Physical fitness is often used as a means of relieving stress and discomfort that people feel on any given day. But my question is, what is the source of this stress? Is it due to constantly trying to be perfect; the perfect mom, wife, sister, daughter, friend, student, teacher, employee, boss? Do we find perfection through our own expectations, or those imposed upon us by the media and other outside forces? Diane Israel’s film, Beauty Mark: Body Image & the Race for Perfection seems to ask some of these similar questions of herself and the people surrounding her. Israel, like I suspect many runners and athletes do, used her sport in order to conceal the problems of her own image problems. Losing weight in the name of gaining a better time, winning a triathlon or a marathon was acceptable to the people in her life. She was an athlete, not an anorexic. But the source of her problems came more through an ambition to control her life. She felt unfit and unhealthy, and therefore ugly if she ate normally and did not exercise three times a day.
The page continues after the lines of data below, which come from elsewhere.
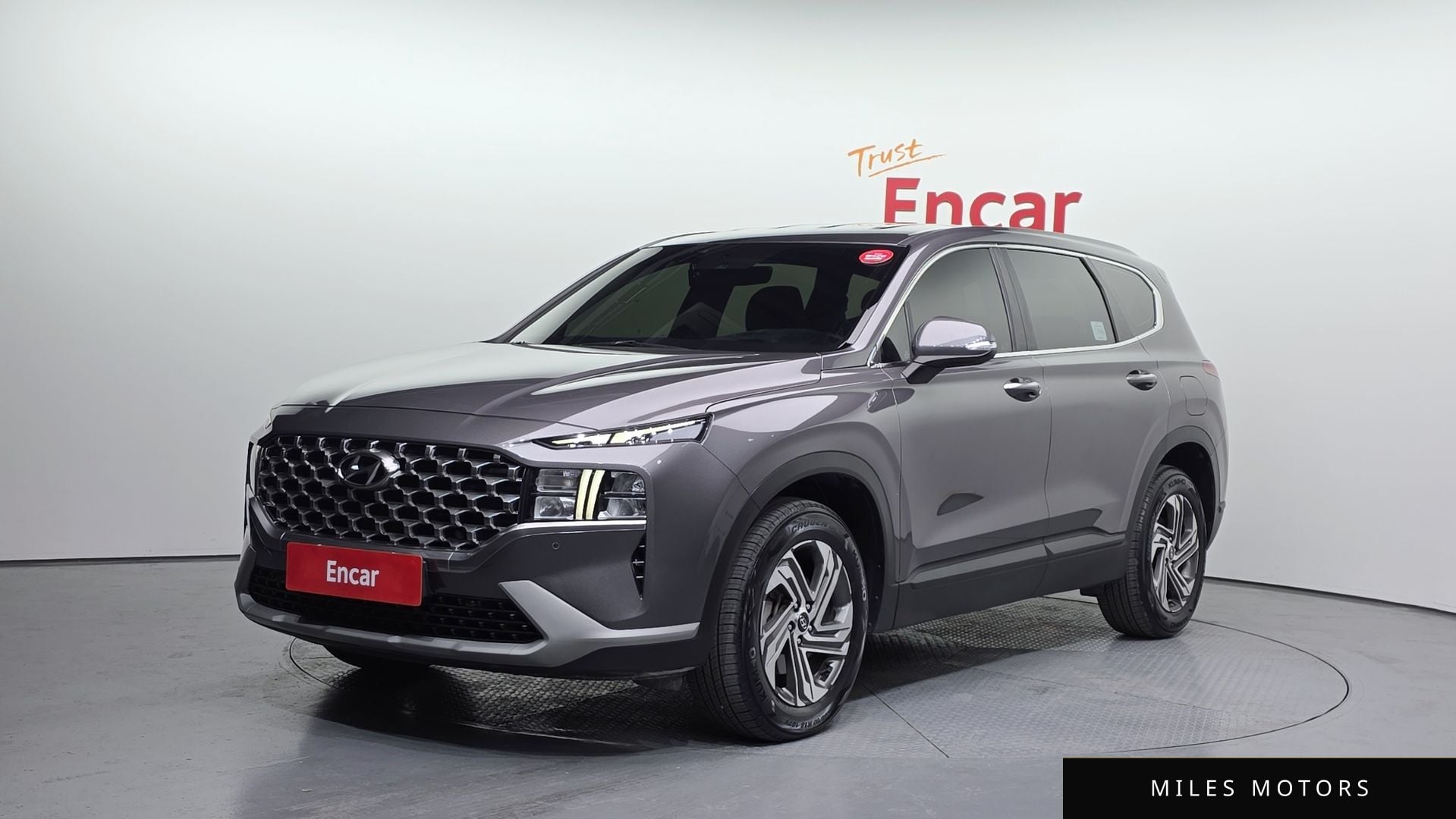 Hyundai Santafe 2022 — фото 1 из 12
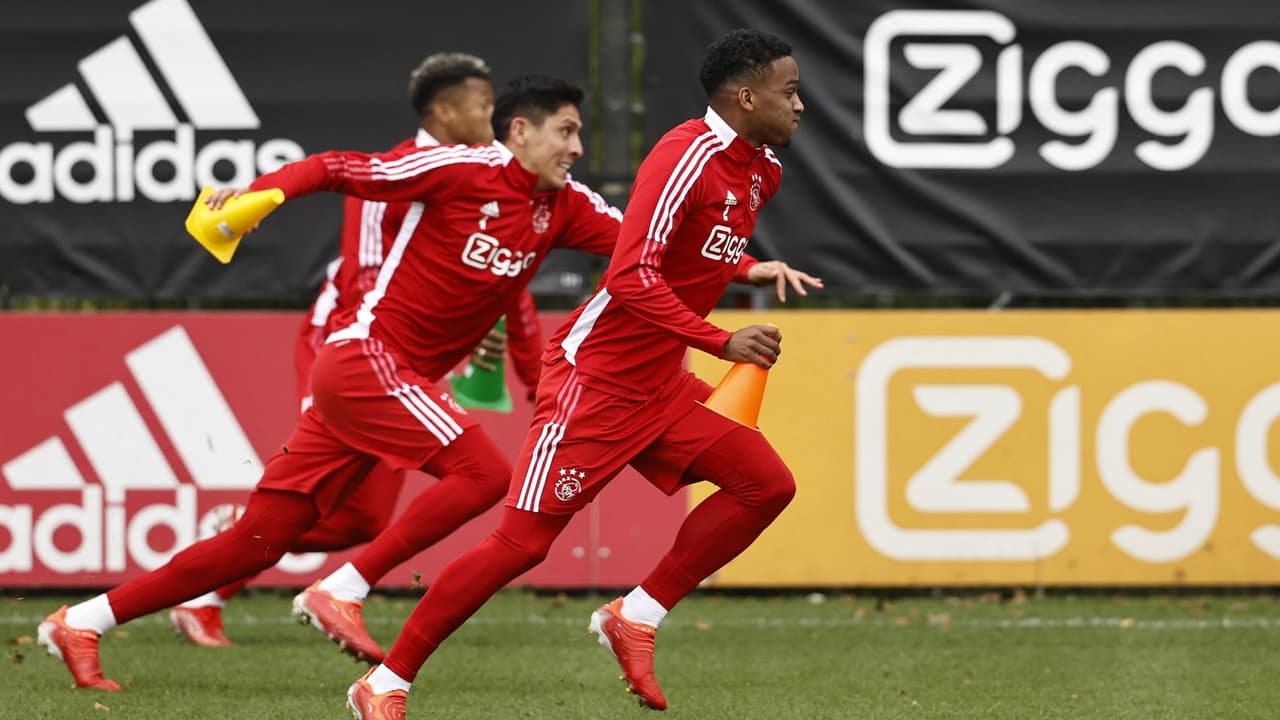 Ajax y Liverpool pueden sellar su pasaporte a Octavos de Final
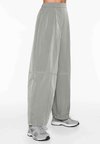 Уличные брюки WATER-REPELLENT WIDE Oysho, серый куртка oysho water repellent fellex aerogel серый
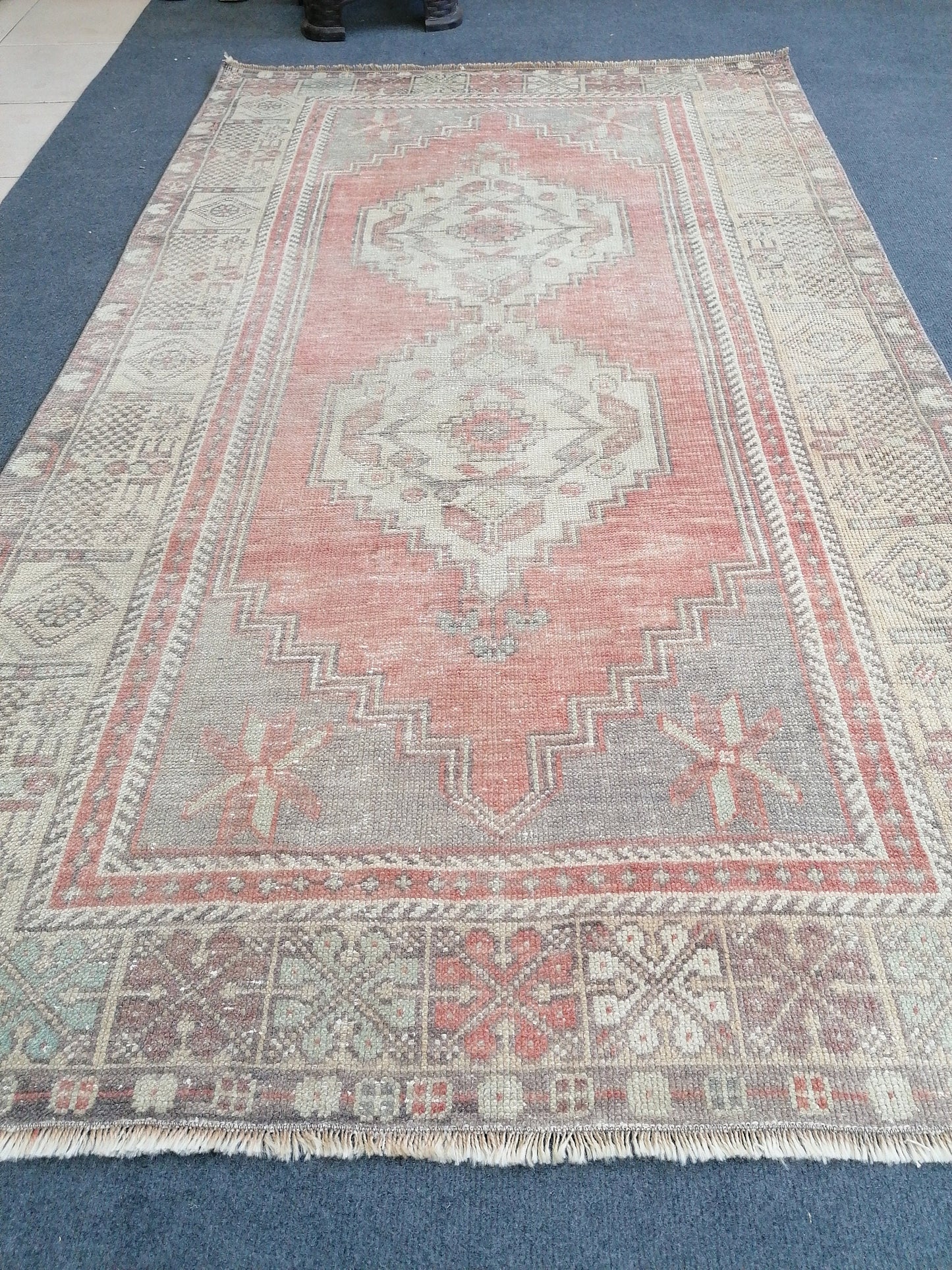 Muted vintage rug 4x6'3 oushak rug hand made rug, area wool rug,
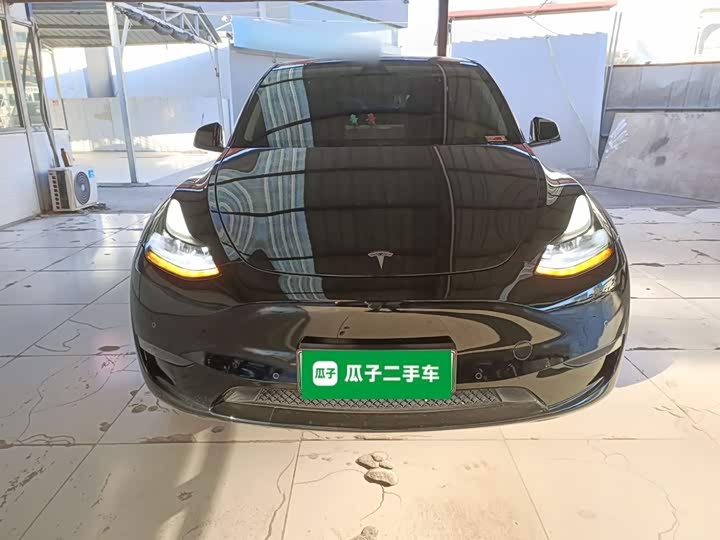 Фото 3 - Tesla Model Y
She had to be superhuman to feel worthy of her own humanity. She therefore fell to the pressure that every woman begins to feel: “it [doesn’t] matter if you [are] healthy, exercise regularly, and [aren’t] overweight,” if you had a little, natural fat on your body “you would be dismissed as slothful and lacking moral fiber and self-respect, not to mention lazy, self-indulgent, insufficiently vigorous, lacking control, sedentary, and old” (Douglas, 261). Israel felt all these things about herself if she didn’t follow her strict exercise and eating plan just so. She, by the influence of other sources throughout her life, is made to feel less than human when her routine is not followed.

So through looking at these readings, film, and upcoming athletic event, are athletes disguised anorexics? Are they the only people able to use their disorder for “good,” making a living directly from their ability to over exercise and under eat? All people, ultimately, want to be accepted. It seems that lately the only way to be accepted is to subscribe to the stereotypes and expectations that are set forth by the media to achieve a socially acceptable and increasingly expected body type.


Works Cited:
Akbari, Anna. Race, Gender, Body Image and the Media, Beauty and the Body in an Image Society. 194 Mercer Street 210, New York University, New York, NY. 20 October 2010.
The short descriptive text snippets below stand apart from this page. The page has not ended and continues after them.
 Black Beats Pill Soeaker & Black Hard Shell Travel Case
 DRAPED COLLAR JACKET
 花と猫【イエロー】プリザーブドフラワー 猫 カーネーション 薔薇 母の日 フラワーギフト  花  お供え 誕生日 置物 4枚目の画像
Dill, Karen E. How Fantasy Becomes Reality: Seeing Through Media Influence. New York: Oxford University Press, 2009. 88-140.

Douglas, Susan J. Where the Girls Are: Growing Up Female with the Mass Media. New York: Three Rivers Press, 1995. 245-268.

Israel, Diane. Beauty Mark: Body Image & the Race for Perfection. Perf. Diane, Israel. She-Art Production: 2008, Film.

Wykes, Maggie and Barrie Gunter. The Media and Body Image: If Looks Could Kill. London: SAGE Publications Ltd., 2005. 94-221.